> _Assignment_: Nothing is needed except the lines below that run from the one with "Pattaya Condominium for" through the one with "カプラン南吉田の外観写真", repeated exactly.

> _Provided records_:
▬▬▬▬▬▬
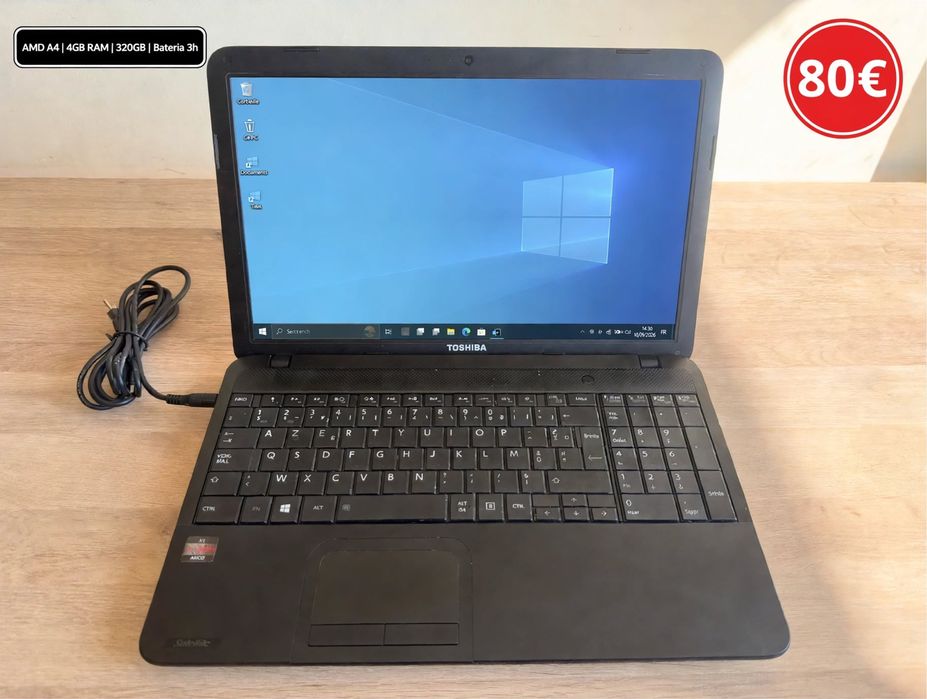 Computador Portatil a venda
▬▬▬▬▬▬
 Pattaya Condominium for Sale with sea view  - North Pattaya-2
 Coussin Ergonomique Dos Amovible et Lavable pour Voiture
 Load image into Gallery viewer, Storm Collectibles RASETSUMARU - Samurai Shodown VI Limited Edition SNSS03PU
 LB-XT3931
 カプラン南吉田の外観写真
▬▬▬▬▬▬
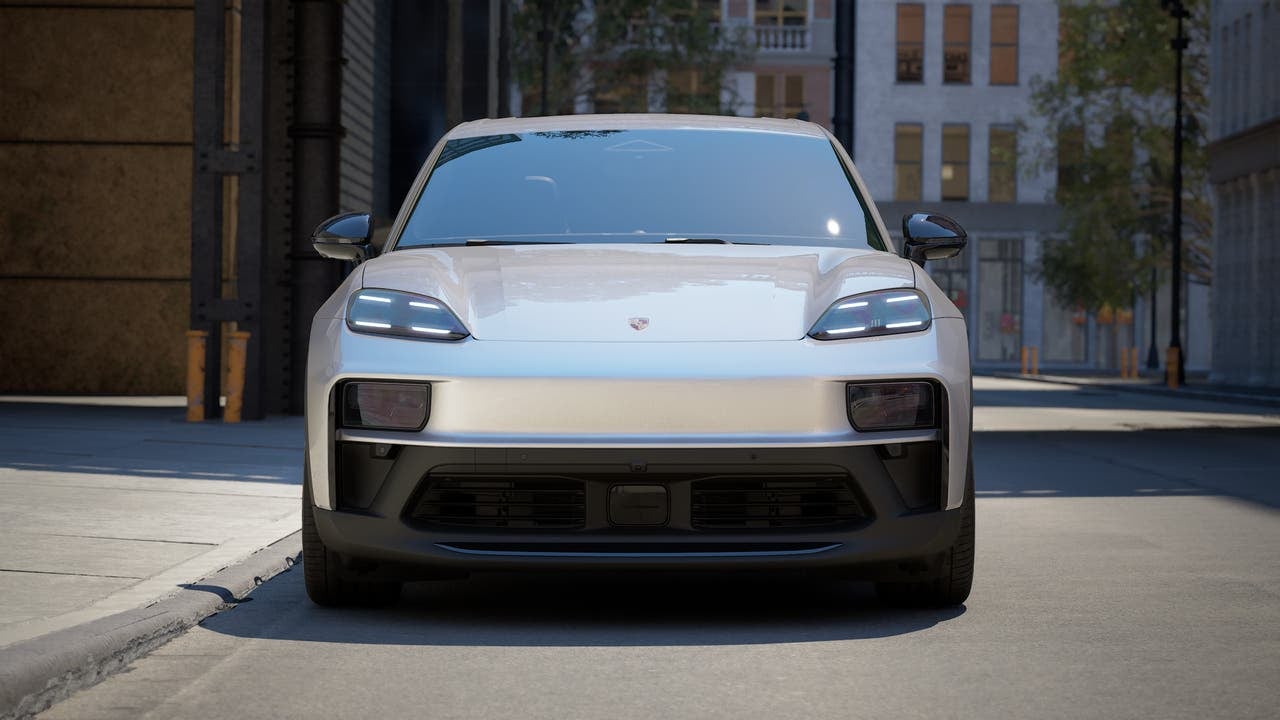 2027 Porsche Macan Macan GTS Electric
▬▬▬▬▬▬
> _Solution for this exercise_:
 Pattaya Condominium for Sale with sea view  - North Pattaya-2
 Coussin Ergonomique Dos Amovible et Lavable pour Voiture
 Load image into Gallery viewer, Storm Collectibles RASETSUMARU - Samurai Shodown VI Limited Edition SNSS03PU
 LB-XT3931
 カプラン南吉田の外観写真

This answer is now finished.